[Image-text web data]
——————
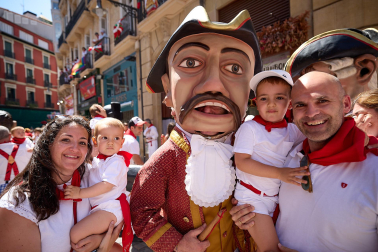 Salida de la Comparsa de Gigantes y Cabezudos este domingo 14 de julio.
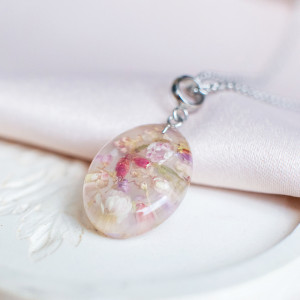 Wisiorek z kompozycją kwiatową 053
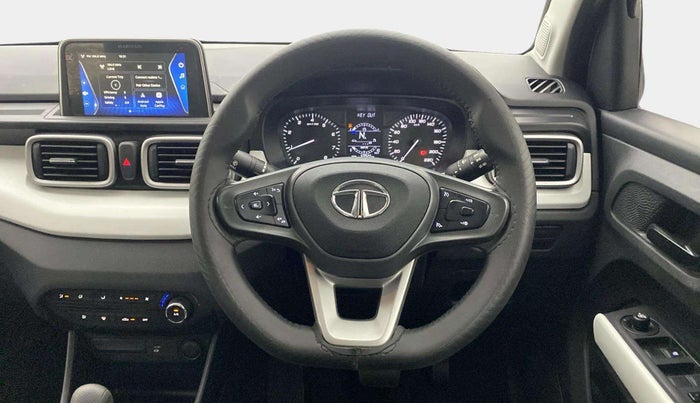 2023 Tata PUNCH ACCOMPLISHED DAZZLE PACK AMT, Petrol, Automatic, 43,970 km, Steering Wheel Close Up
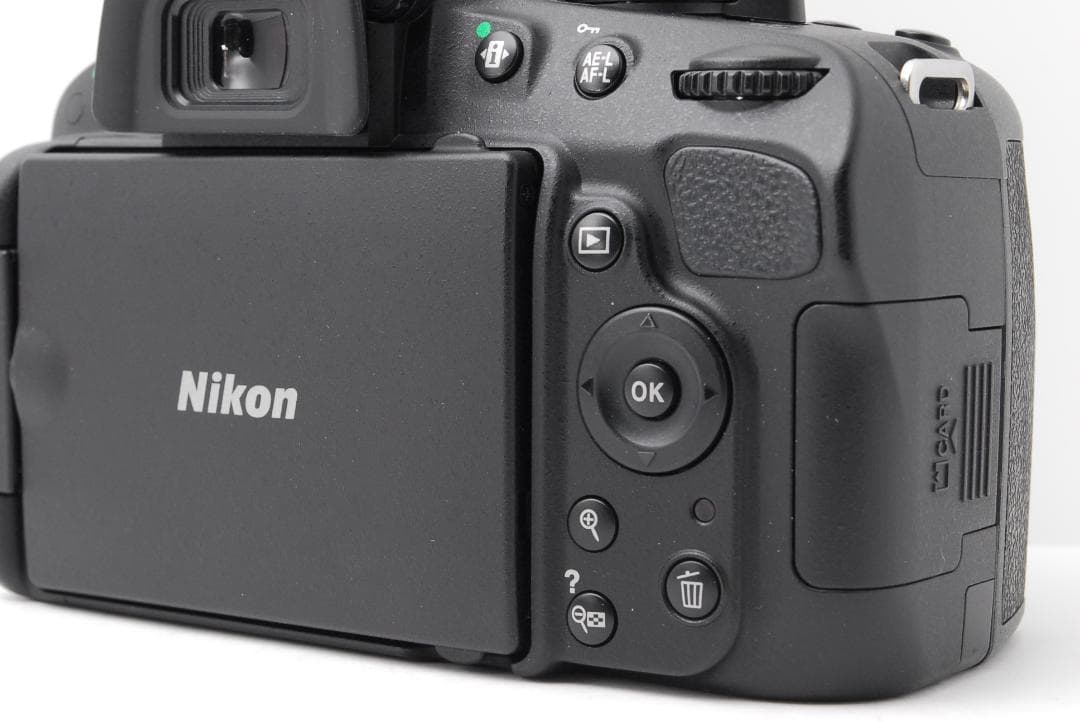 新品級ショット数】Nikon D5100 スマホ転送 ダブルレンズ 自撮り
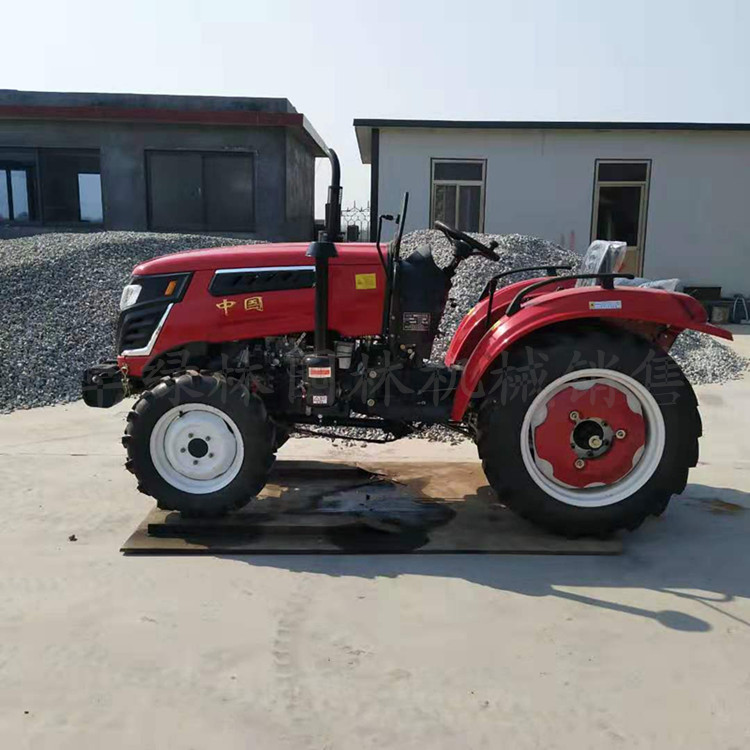 404 平地用四輪拖拉機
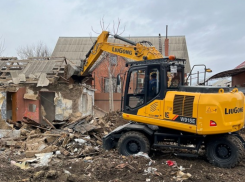 Коммерческий отдел «ЭКОТРАНС» предоставляет услуги по сносу домов и сооружений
——————
Your answer must be an exact copy of the records, free of images.

 Salida de la Comparsa de Gigantes y Cabezudos este domingo 14 de julio.
 Wisiorek z kompozycją kwiatową 053
 2023 Tata PUNCH ACCOMPLISHED DAZZLE PACK AMT, Petrol, Automatic, 43,970 km, Steering Wheel Close Up
 新品級ショット数】Nikon D5100 スマホ転送 ダブルレンズ 自撮り
 404 平地用四輪拖拉機
 Коммерческий отдел «ЭКОТРАНС» предоставляет услуги по сносу домов и сооружений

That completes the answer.